I happen to like the totem of wrath I guess cause it's all we got. But yeah there was a disc. priest that i was talking to the other day. He would stack int gems in all his gear and he said he had close to 50% crit. I dont know if any of you have tried disc and actually got the gear for it but if it happens that are stats are gonna go up like that i would totally drop other stats to get up wards of 60% crit
If someone had 50% crit raid buffed their other stats would have to be suffering. Do you know the name of this priest, I'd really like to see these armory profiles of people who are either a) ignoring spell power or b) ignoring haste.
Recently did Malygos (6min, post 3.0.8) and experienced we couldn't use CoH/WG during Vortex cause of the invalid target error.
Haven't seen much info about this but I also experienced it in arena when I could cast any heal other than CoH giving me the same 'invalid target' error.
Any more on this? Seems like a bug in need of a fix.

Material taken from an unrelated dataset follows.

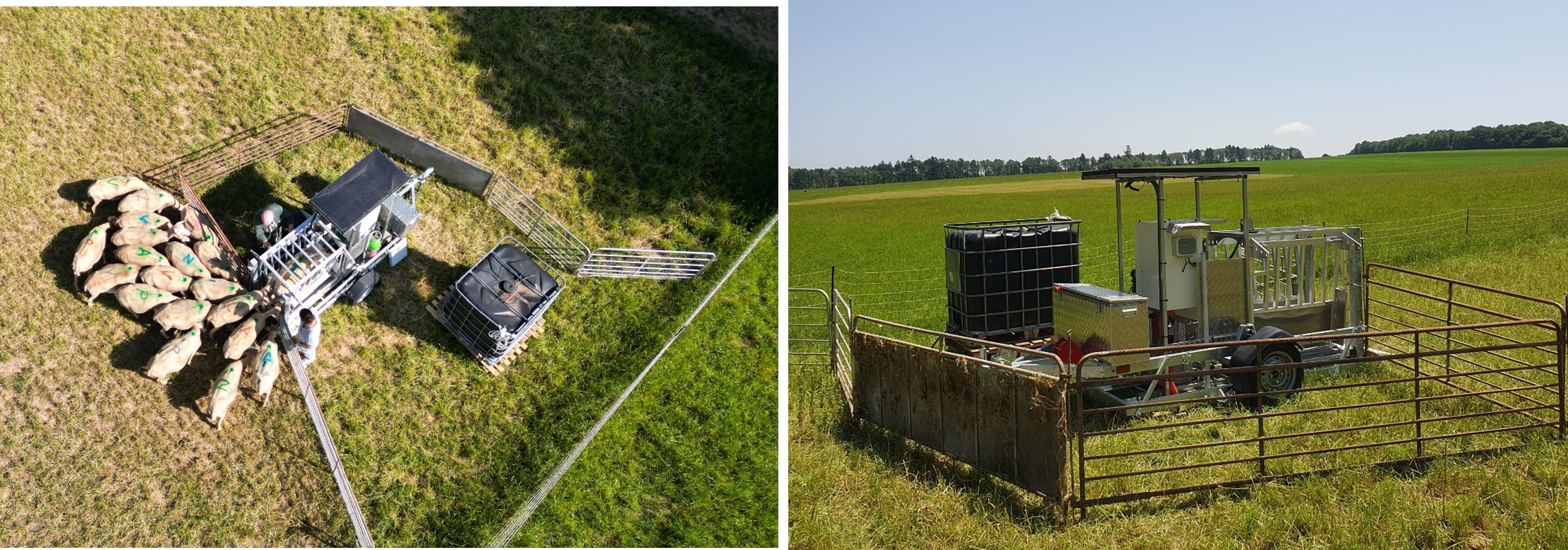 Distributeur automatique d&rsquo;eau adapt&eacute; au p&acirc;turage.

The deep breath does 25000 damage over 5 seconds to each raid member, so assuming that 20 of your raid members have only 20,000 health, you'd need 100,000 healing over 5 seconds, or 20,000 HPS, perfectly distributed among the 20 raid members who could die from the breath. That's a number that's not particularly hard to reach in a 25 man raid, but distributing it perfectly to save everyone is much less realistic, especially with the cooldown on coh. If you saw it coming, you could do a little in advance by having people throw up hots and shields. If everyone popped healthstones and healing potions during the breath, that's 6k+ healing per player right there, so the only challenge would be preventing deaths from the additional damage that the adds were piling on and topping the raid off quickly after the breath.
Well the biggest problem with that is that the last zone disappeared about 6-7 secs before breath and we where getting pummeled by the adds that whole time... It was hard enough for us keep up with the healing as it was. We did have a few people that survived, but not nearly enough healers to last much longer.
Originally Posted by Aillel
Did you happen to have a prot warrior along? His group-wide spell reflect is capable of reflecting the anti-magic fields if it falls on him, I believe. We've had that happen on the 10-mans a fair bit, usually resulting is everyone hudling under the previous, quickly shrinking zone.
Our MT was a prot warrior, but I am not sure if he had the spell reflect up or not. Thanks for the info though and I will ask him tonight when I log.